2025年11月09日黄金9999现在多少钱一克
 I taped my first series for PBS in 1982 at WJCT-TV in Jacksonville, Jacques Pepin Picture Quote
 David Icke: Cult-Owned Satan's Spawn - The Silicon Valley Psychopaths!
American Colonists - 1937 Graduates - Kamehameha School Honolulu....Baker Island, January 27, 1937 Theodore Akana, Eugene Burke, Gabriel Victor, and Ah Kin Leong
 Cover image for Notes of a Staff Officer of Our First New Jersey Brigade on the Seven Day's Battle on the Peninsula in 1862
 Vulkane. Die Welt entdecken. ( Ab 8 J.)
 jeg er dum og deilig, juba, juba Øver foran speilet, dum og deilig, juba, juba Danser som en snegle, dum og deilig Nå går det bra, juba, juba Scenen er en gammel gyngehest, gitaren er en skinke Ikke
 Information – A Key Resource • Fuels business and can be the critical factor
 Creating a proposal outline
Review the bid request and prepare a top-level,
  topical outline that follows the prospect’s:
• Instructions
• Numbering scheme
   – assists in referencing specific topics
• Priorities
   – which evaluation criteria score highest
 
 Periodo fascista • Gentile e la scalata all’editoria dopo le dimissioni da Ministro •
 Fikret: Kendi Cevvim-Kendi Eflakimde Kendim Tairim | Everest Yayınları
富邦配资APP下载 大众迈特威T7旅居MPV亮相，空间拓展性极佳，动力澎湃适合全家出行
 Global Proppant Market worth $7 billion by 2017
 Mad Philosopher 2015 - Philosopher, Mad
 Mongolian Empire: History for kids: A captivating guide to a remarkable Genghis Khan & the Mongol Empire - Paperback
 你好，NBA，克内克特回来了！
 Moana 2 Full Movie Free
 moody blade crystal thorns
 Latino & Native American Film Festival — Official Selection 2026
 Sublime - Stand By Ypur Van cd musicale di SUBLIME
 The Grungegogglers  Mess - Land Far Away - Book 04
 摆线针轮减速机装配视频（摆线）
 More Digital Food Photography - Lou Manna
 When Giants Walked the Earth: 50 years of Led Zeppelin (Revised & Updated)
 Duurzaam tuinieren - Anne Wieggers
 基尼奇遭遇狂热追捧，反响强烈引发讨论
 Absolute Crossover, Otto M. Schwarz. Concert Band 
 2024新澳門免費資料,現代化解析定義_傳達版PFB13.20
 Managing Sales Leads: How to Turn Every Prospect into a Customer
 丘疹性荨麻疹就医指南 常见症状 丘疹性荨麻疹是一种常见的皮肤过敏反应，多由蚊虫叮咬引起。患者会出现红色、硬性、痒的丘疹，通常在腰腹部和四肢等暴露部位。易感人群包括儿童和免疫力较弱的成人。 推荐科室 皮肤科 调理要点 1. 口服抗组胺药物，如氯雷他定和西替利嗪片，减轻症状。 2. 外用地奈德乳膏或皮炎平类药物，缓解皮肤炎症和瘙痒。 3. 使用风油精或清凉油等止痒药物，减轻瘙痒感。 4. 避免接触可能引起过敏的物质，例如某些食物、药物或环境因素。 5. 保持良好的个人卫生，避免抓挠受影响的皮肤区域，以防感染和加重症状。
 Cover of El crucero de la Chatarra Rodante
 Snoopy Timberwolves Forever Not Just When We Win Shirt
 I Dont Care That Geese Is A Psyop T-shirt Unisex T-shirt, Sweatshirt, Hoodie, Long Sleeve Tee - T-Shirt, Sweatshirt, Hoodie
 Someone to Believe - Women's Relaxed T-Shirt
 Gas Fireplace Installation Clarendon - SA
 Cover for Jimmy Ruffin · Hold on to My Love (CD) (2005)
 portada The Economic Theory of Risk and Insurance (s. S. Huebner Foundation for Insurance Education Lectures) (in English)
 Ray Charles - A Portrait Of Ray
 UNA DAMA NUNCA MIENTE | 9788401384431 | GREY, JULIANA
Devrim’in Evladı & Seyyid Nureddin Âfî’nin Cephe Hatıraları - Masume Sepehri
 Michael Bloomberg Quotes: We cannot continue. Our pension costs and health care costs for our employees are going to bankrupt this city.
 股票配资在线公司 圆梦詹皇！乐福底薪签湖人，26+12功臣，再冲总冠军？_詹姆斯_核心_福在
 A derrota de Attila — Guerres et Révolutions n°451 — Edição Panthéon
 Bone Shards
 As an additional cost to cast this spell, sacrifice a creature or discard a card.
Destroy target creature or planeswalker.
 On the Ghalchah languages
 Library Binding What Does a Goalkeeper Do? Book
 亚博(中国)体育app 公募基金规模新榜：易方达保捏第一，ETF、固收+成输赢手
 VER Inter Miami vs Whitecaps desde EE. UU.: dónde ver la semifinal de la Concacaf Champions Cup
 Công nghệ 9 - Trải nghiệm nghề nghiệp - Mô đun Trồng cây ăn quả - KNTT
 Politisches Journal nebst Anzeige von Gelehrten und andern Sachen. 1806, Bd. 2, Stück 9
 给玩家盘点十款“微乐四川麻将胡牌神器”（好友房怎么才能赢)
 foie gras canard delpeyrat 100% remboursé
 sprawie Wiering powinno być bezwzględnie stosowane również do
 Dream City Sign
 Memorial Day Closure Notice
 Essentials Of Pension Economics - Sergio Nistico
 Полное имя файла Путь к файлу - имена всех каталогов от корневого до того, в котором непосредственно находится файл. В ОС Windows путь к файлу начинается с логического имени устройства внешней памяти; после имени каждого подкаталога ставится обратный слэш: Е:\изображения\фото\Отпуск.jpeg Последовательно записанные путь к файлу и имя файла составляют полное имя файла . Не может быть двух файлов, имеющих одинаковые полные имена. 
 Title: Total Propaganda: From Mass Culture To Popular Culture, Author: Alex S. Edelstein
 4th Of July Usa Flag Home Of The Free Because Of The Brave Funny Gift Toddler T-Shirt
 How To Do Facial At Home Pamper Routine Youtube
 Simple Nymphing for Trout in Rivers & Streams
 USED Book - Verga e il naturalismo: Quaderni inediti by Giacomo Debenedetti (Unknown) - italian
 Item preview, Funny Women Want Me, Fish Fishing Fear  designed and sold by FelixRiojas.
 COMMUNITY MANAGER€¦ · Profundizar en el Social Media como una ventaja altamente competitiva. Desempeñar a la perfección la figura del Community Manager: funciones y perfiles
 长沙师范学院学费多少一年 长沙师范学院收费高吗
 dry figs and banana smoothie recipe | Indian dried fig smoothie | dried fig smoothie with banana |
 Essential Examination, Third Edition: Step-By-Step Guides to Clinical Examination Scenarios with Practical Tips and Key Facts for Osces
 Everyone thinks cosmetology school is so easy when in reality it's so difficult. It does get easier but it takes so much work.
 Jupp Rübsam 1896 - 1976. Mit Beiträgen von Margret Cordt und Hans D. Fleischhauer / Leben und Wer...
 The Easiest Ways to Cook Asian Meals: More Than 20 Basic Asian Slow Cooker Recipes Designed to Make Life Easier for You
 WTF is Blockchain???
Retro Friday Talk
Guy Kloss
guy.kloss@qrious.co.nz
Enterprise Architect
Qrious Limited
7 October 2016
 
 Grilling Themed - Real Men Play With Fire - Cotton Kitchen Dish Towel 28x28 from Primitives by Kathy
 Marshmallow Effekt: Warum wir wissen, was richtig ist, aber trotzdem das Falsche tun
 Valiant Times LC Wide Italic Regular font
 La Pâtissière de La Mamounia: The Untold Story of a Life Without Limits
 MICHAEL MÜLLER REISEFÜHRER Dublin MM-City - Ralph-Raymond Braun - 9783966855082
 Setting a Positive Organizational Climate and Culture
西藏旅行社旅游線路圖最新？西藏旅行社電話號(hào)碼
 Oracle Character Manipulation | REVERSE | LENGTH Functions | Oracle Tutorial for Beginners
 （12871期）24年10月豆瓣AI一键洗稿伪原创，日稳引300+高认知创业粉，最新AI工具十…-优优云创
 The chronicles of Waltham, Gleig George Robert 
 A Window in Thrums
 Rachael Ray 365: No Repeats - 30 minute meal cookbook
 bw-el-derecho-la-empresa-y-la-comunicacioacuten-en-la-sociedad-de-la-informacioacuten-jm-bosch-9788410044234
========
Using the records above, copy word for word the line with "Latino & Native", the line with "2024新澳門免費資料,現代化解析定義_傳達版PFB13.20", and every line between them.

Expected answer:
 Latino & Native American Film Festival — Official Selection 2026
 Sublime - Stand By Ypur Van cd musicale di SUBLIME
 The Grungegogglers  Mess - Land Far Away - Book 04
 摆线针轮减速机装配视频（摆线）
 More Digital Food Photography - Lou Manna
 When Giants Walked the Earth: 50 years of Led Zeppelin (Revised & Updated)
 Duurzaam tuinieren - Anne Wieggers
 基尼奇遭遇狂热追捧，反响强烈引发讨论
 Absolute Crossover, Otto M. Schwarz. Concert Band 
 2024新澳門免費資料,現代化解析定義_傳達版PFB13.20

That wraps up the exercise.